SERVER_URL = "http://192.168.1.100:5000"   # your server's IP
CURRENT_VERSION = "1.1.0"                   # this device's current version

def connect_wifi():
    sta = network.WLAN(network.STA_IF)
    sta.active(True)
    if not sta.isconnected():
        sta.connect(WIFI_SSID, WIFI_PASSWORD)
        timeout = 15
        while not sta.isconnected() and timeout > 0:
            time.sleep(1)
            timeout -= 1
    if sta.isconnected():
        print("Connected:", sta.ifconfig()[0])
        return True
    print("Wi-Fi connection failed")
    return False

def check_for_update():
    try:
        response = urequests.get(SERVER_URL + "/version", timeout=10)
        data = response.json()
        response.close()
        return data.get("version")
    except Exception as e:
        print("Version check failed:", e)
        return None

def download_and_apply(filename="main.py"):
    try:
        print("Downloading firmware...")
        response = urequests.get(SERVER_URL + "/update", timeout=30)

        if response.status_code != 200:
            print("Download failed, status:", response.status_code)
            response.close()
            return False

        # Write firmware to a temporary file first
        with open("firmware_new.py", "wb") as f:
            f.write(response.content)
        response.close()

        # Verify the file was written successfully
        stat = os.stat("firmware_new.py")
        if stat[6] == 0:
            print("Downloaded file is empty, aborting")
            os.remove("firmware_new.py")
            return False

        # Atomically replace current firmware
        try:
            os.remove(filename)
        except OSError:
            pass
        os.rename("firmware_new.py", filename)

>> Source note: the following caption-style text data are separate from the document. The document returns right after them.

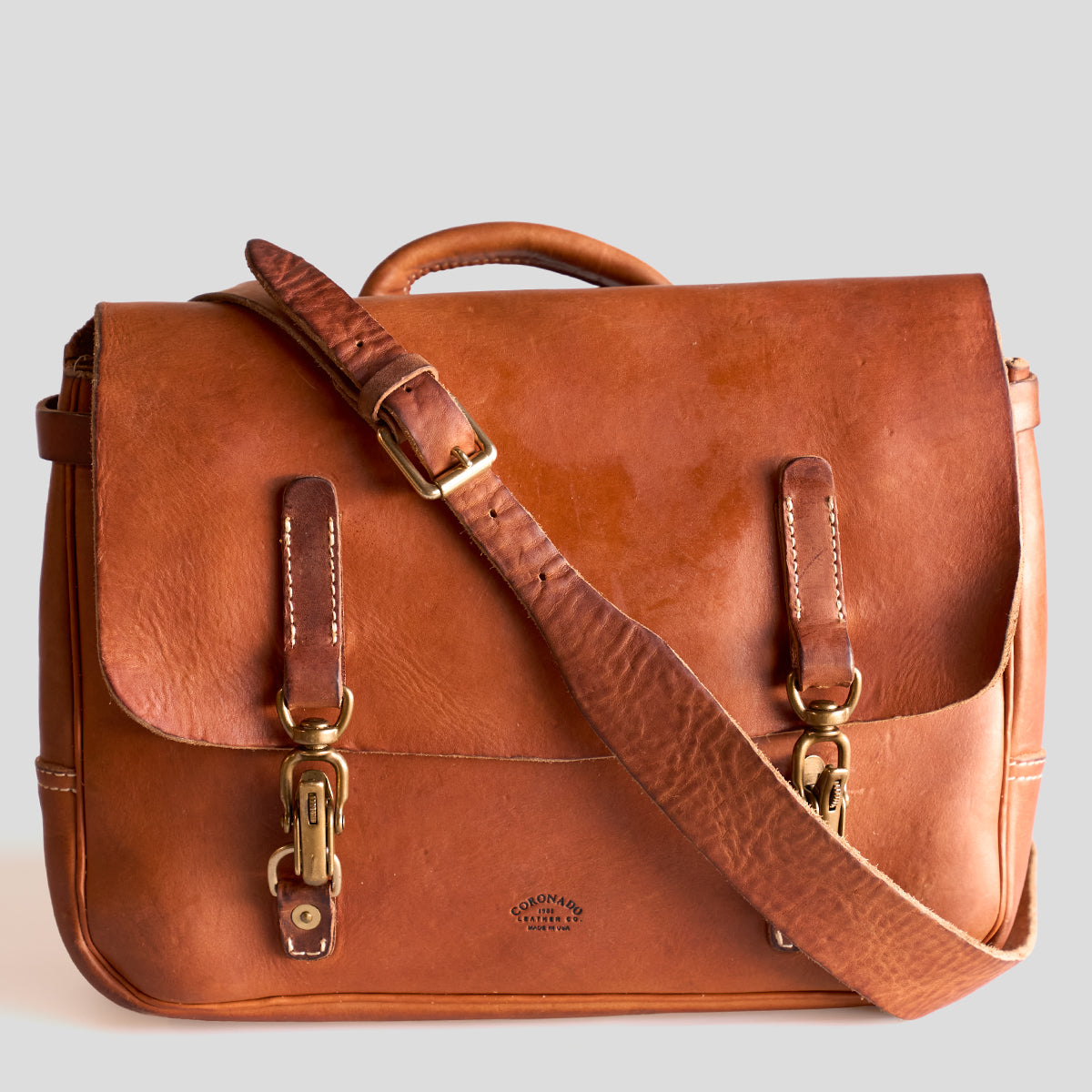 NO.130 Vintage Stone Washed Mailbag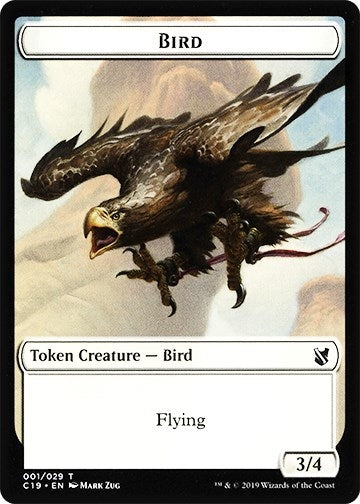 Bird (001) // Sculpture Double-sided Token (0) [C19] - MTG Single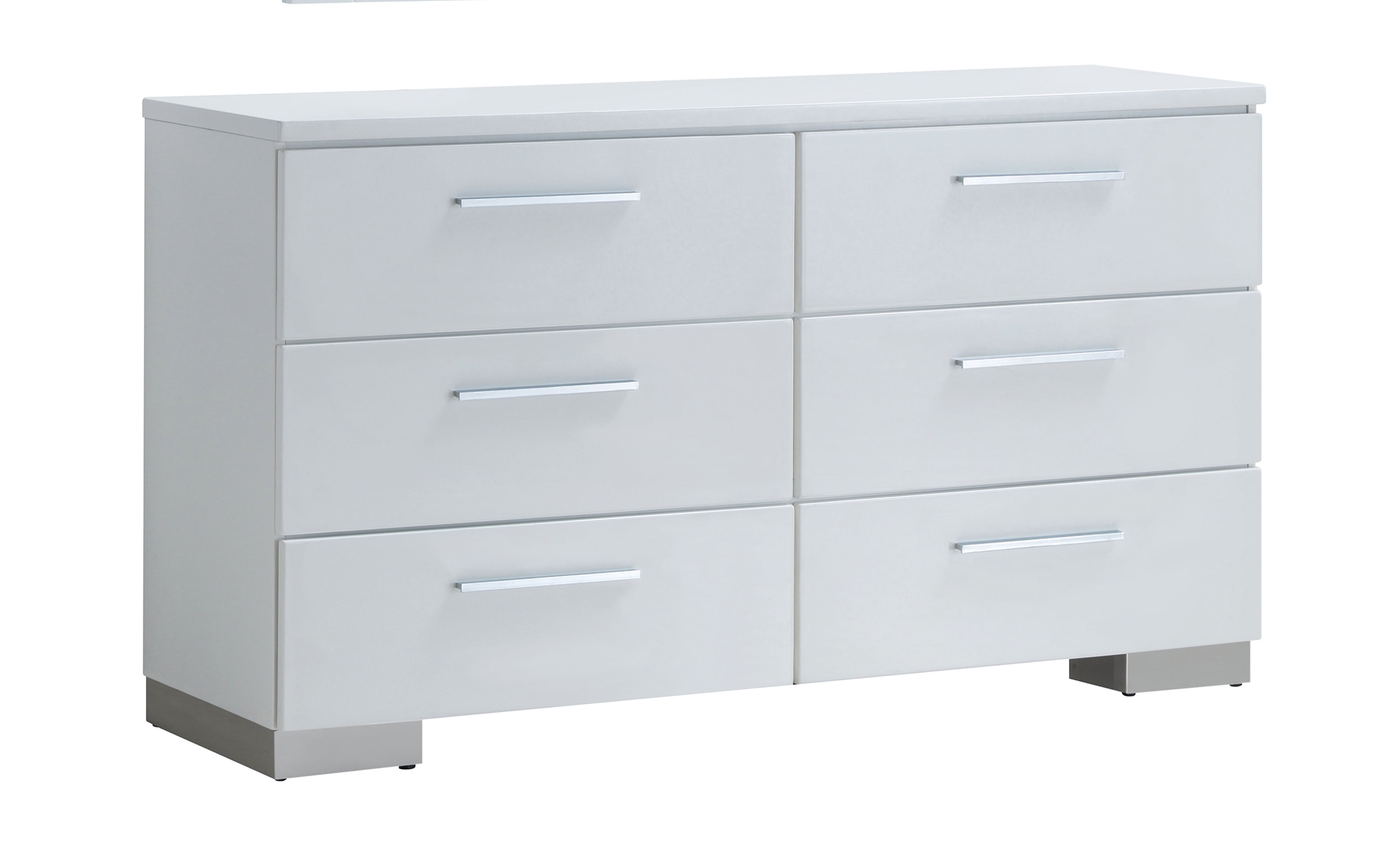 Furniture of America Krister Contemporary 6Drawer Dresser, Glossy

        print("Firmware updated successfully")
        return True

    except Exception as e:
        print("Update failed:", e)
        # Clean up temp file if it exists
        try:
            os.remove("firmware_new.py")
        except OSError:
            pass
        return False

def run_ota():
    if not connect_wifi():
        return

    server_version = check_for_update()
    if not server_version:
        print("Could not reach update server")
        return

    if server_version == CURRENT_VERSION:
        print("Already up to date:", CURRENT_VERSION)
        return

    print(f"Update available: {CURRENT_VERSION} → {server_version}")

    if download_and_apply():
        print("Rebooting in 3 seconds...")
        time.sleep(3)
        machine.reset()
    else:
        print("Update failed, keeping current firmware")

# Call at startup or on a schedule
run_ota()

Running OTA at Boot

To check for updates on every boot, call run_ota() from your main.py before your main application logic:

# main.py
import updater
updater.run_ota()

# ... rest of your application ...

Or check for updates only every N boots to save bandwidth:

import updater
import machine

# Check every 10 boots
boot_count = 0
try:
    with open("boot_count.txt") as f:
        boot_count = int(f.read())
except OSError:
    pass

boot_count = (boot_count + 1) % 10
with open("boot_count.txt", "w") as f:
    f.write(str(boot_count))

if boot_count == 0:
    updater.run_ota()

Deploying to the Device

Upload updater.py via ampy, rshell, or Thonny:

# Using ampy
ampy --port /dev/ttyUSB0 put updater.py

# Using rshell
rshell cp updater.py /pyboard/

Conclusion

This OTA approach covers the core pattern: version check, conditional download, safe write-then-rename, and reboot. For production deployments, add HTTPS to the Flask server and verify firmware integrity with a checksum or HMAC signature before applying updates.